With a total annual economic output estimated at $1.71 billion for Davis and $2.20 billion for Yolo County, existing small businesses will find a new customer base as ARC serves as an economic development engine during what will likely be a challenging several years for our City and region.
As the independent analysis says, our goal is “to leverage the economic potential of the University of California and create high-quality jobs in the City. Often the University’s economic spinoff potential is not realized because of a lack of adequate spaces to meet the needs of emerging businesses that then locate to other parts of the region or to the Bay Area. … This revised plan incorporates a residential component that significantly improves the development economics while also responding to the pressing need for more housing.”

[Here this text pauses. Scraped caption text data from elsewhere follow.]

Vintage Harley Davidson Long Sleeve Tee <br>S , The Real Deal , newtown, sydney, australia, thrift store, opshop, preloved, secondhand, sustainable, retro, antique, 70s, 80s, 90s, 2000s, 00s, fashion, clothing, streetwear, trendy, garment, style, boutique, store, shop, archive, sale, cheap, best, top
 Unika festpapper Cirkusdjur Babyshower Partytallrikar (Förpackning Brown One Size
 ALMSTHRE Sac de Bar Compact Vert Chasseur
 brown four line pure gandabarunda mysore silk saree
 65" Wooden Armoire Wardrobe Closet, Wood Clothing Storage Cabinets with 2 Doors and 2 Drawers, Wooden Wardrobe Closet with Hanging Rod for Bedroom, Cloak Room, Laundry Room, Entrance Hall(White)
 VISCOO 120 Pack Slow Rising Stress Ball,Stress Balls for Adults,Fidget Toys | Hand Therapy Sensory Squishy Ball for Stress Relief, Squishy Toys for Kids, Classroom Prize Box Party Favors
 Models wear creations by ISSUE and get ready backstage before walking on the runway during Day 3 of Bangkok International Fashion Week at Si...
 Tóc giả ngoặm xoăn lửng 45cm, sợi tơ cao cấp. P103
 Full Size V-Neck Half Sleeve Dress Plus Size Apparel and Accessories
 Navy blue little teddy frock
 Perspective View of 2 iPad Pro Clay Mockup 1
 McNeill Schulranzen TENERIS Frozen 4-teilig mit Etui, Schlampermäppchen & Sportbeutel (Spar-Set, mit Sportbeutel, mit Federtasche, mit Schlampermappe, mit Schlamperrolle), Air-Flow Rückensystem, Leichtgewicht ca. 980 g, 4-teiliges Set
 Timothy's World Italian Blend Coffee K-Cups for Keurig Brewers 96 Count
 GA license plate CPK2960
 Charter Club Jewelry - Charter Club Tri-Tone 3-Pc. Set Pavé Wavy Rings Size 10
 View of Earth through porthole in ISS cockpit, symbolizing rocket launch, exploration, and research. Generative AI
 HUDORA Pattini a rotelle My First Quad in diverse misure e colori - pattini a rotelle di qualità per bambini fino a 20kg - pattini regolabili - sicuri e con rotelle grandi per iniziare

Here’s the bottom line: Davis has lost numerous businesses over the years, and many of the businesses that started or tried to start in Davis found the existing opportunities for expansion too limited. We can’t afford to lose any more, especially now. Each business that locates somewhere else means jobs denied and revenue lost for the City. That’s the cold truth, and ARC is Davis’s best chance to reverse the trend, make our economy more resilient and improve the City’s financial health.
We face an uncertain future, but ARC gives Davis a strategic economic advantage that many other cities in California or elsewhere wish they had. The creative talent at UC Davis and our unique geographic positioning between the Bay Area and Sacramento makes business expansion at ARC very attractive. . That’s good news at a time when it’s sorely needed.
So it’s up to us. ARC has gone through an extensive public process and will soon be ready for City approval. Will we create something extraordinary together? If there’s ever a time for big thinking, this is it.
Dan Ramos is the Project Manager for Aggie Research Campus and Vice President of Ramco Enterprises, a development and farming company based in Yolo County, and a former 15-year Davis resident.